Extracted data:
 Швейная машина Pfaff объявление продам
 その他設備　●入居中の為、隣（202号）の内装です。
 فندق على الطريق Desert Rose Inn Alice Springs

==

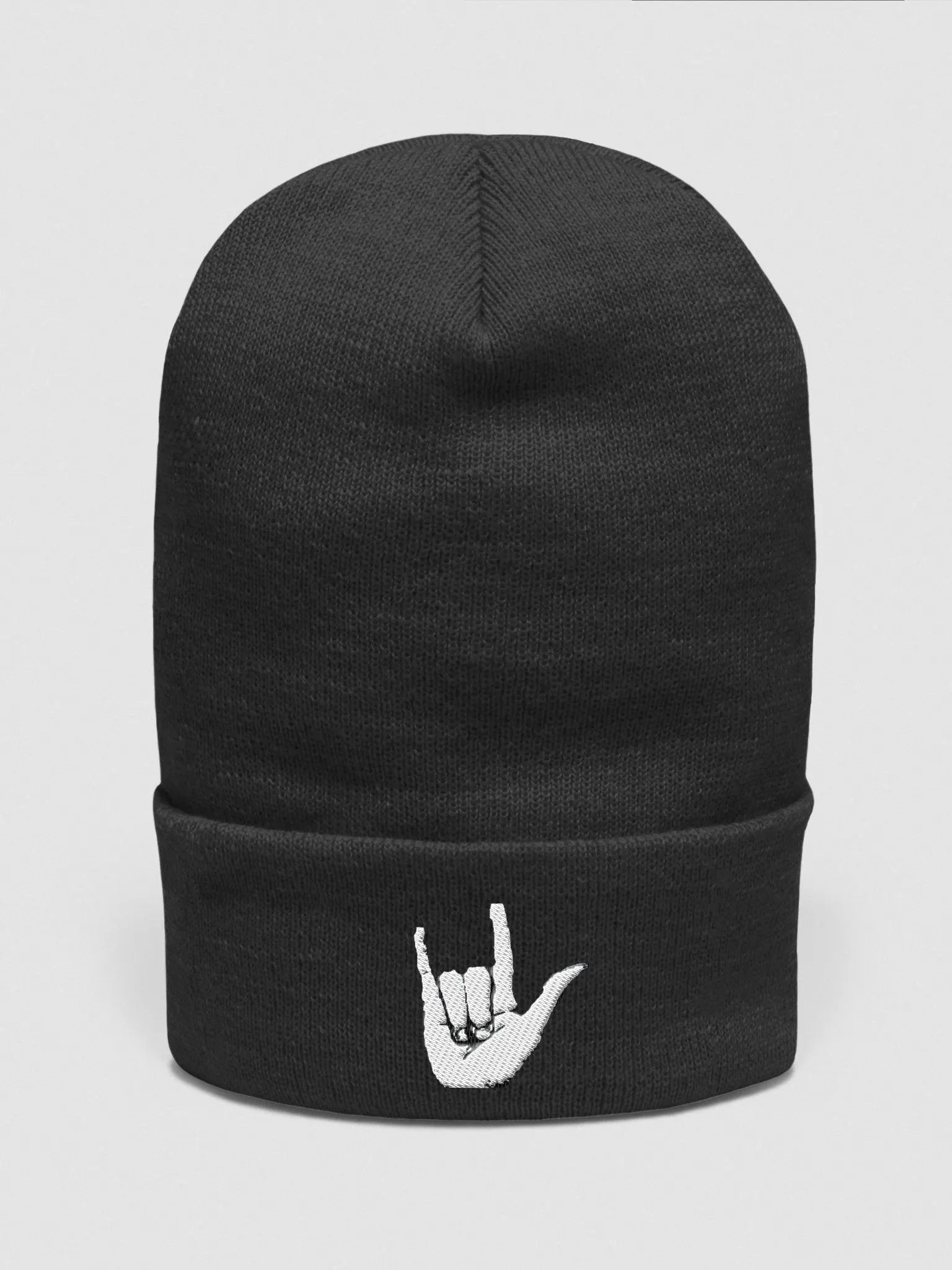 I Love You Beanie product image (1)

Description of the task: Look back at the data above. Transcribe exactly the lines starting at the line that contains "Швейная машина Pfaff объявление продам" and ending at the line that contains "فندق على الطريق".

Task output:
 Швейная машина Pfaff объявление продам
 その他設備　●入居中の為、隣（202号）の内装です。
 فندق على الطريق Desert Rose Inn Alice Springs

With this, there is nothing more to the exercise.